Una domanda specifica sulla posizione della Sicilia, che ospita la base Nato di Sigonella ma anche il Muos di Niscemi. Qual è il livello di rischio per quest’area, al centro del Mediterraneo?
“Va ricordato, anche ai tanti smemorati che affollano il nostro dibattito pubblico, che la base di Sigonella e il Muos di Niscemi rappresentano un pilastro della nostra stessa sicurezza, perché consentono il monitoraggio satellitare e le garanzie difensive nel Mediterraneo, ovvero in quell’area dove sono i nostri interessi strategici. E poi vorrei rassicurare quanti, dai banchi dell’opposizione, in queste ore stanno sfruttando questo delicato momento per attaccare il governo: il supporto delle basi NATO in territorio italiano non è stato richiesto, quindi non è un argomento sul tavolo della discussione. Ciò detto, già dallo scorso anno la base di Sigonella (insieme a quella di Aviano) è passata dal livello Bravo a Charlie, indicando una minaccia terroristica imminente. L’allerta è massima e sono stati attivati tutti i dispositivi per garantire la sicurezza del personale militare in queste aree”.
La via della diplomazia
A livello geopolitico, si può dire chiaramente che l’impulso dei singoli Stati stia dominando sulla diplomazia. Giunti a un punto di svolta con l’attacco degli USA all’Iran, secondo Lei è ancora possibile tentare la strada dei colloqui (con l’Europa e l’Italia al centro dei tentativi di mediazione, come auspicato dal ministro Tajani)? O la diplomazia è finita, come purtroppo temono in molti di fronte ai recenti sviluppi?

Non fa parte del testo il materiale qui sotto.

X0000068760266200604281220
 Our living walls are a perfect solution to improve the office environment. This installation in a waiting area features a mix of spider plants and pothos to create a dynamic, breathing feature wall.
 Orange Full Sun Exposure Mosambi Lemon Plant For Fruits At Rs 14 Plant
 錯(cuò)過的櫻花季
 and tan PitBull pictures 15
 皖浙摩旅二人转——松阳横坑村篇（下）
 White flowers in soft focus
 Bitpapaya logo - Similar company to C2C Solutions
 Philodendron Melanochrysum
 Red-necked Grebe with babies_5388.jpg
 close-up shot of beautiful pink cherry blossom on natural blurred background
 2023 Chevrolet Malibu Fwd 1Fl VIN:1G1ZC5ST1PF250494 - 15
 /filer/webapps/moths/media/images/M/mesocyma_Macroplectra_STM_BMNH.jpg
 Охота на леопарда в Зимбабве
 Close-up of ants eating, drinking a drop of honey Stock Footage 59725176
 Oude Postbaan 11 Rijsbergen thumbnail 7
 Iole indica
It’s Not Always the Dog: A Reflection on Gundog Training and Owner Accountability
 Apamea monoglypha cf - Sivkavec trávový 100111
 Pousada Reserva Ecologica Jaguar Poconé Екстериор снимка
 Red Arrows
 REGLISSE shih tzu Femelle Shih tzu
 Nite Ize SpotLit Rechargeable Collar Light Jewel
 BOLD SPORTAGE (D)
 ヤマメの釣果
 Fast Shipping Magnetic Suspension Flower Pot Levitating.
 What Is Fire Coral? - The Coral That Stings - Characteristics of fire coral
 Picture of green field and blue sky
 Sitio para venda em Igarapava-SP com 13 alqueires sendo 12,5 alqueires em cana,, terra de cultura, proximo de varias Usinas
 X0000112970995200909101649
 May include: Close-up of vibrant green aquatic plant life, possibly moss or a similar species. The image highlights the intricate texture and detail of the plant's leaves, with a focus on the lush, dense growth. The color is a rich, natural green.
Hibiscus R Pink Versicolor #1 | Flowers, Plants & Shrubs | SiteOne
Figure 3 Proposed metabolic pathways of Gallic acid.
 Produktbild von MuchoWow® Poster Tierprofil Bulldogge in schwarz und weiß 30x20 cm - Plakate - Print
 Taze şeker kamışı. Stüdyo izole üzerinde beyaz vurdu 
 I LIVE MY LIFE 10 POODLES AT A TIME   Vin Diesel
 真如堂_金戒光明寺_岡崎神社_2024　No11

“Gli Stati Uniti hanno agito per scongiurare una minaccia globale, che in questi anni ha destabilizzato gli equilibri geopolitici, agendo sul piano della deterrenza. Ora, ogni sforzo deve essere orientato verso la de-escalation del conflitto. L’approccio diplomatico non può e non deve essere archiviato, ma va rilanciato con sempre maggiore determinazione. Condivido pienamente la posizione espressa dal ministro degli Esteri Antonio Tajani, ovvero lasciare aperta la nostra ambasciata a Teheran. È un gesto simbolico e politico di grande rilevanza, che si alimenta di un auspicio: riportare gli iraniani al tavolo delle trattative. È necessario tenere aperta la via del dialogo, anche nelle sedi multilaterali, agendo in raccordo con i partner occidentali e con gli stessi attori mediorientali”.